In your copy of the data, omit the pictures and keep all else exactly as given.
═════ Data for this exercise ═════
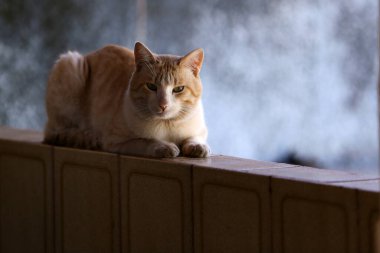 Açık sarı, kısa saçlı bir kedi duvarda dinleniyor..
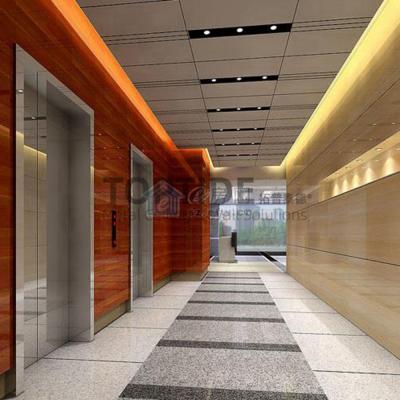 Chine Pièce en t croisée de matériaux de plafond en aluminium décoratif perforé d'intérieur moderne de baisse fausse à vendre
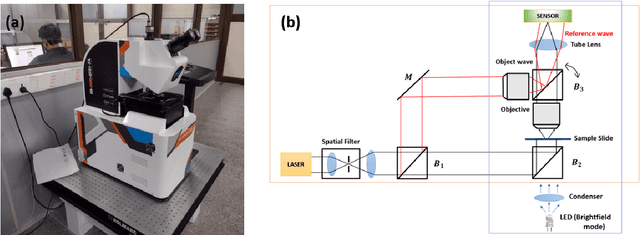 Figure 3 for Quantification of Pollen Viability in Lantana camara By Digital Holographic Microscopy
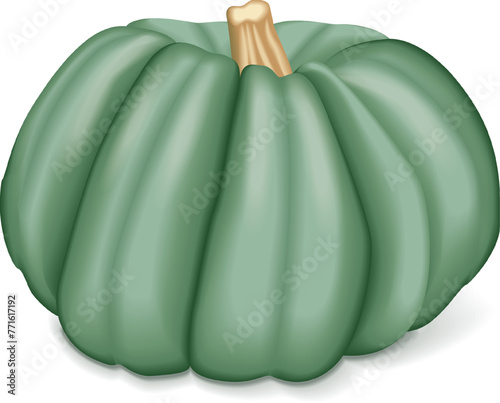 Blue pumpkin. Winter squash. Cucurbita maxima. Fruits and vegetables. Isolated vector illustration.
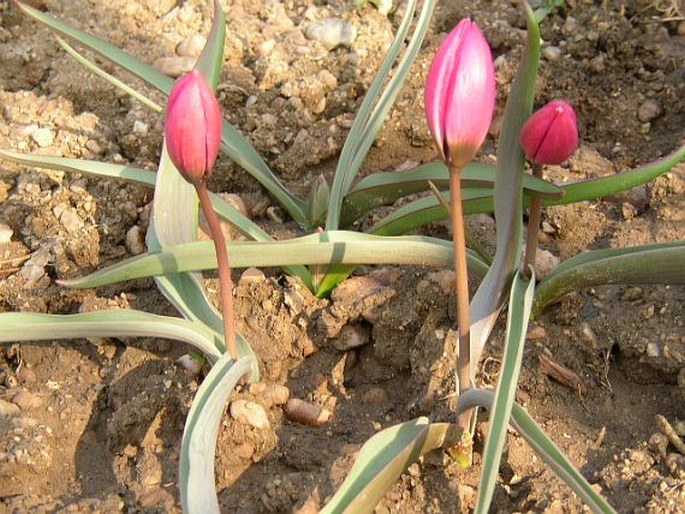 Tulipa humilis Violacea Group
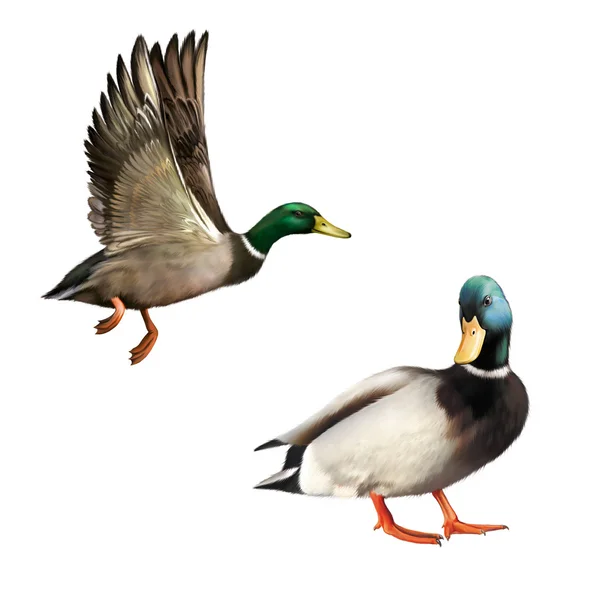 Mallard Drake and mallard duck — Stock Photo, Image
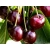 Czereśnia karłowa Prunus avium 'Buttnera'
═════
### [Exercise output]
 Açık sarı, kısa saçlı bir kedi duvarda dinleniyor..
 Chine Pièce en t croisée de matériaux de plafond en aluminium décoratif perforé d'intérieur moderne de baisse fausse à vendre
 Figure 3 for Quantification of Pollen Viability in Lantana camara By Digital Holographic Microscopy
 Blue pumpkin. Winter squash. Cucurbita maxima. Fruits and vegetables. Isolated vector illustration.
 Tulipa humilis Violacea Group
 Mallard Drake and mallard duck — Stock Photo, Image
 Czereśnia karłowa Prunus avium 'Buttnera'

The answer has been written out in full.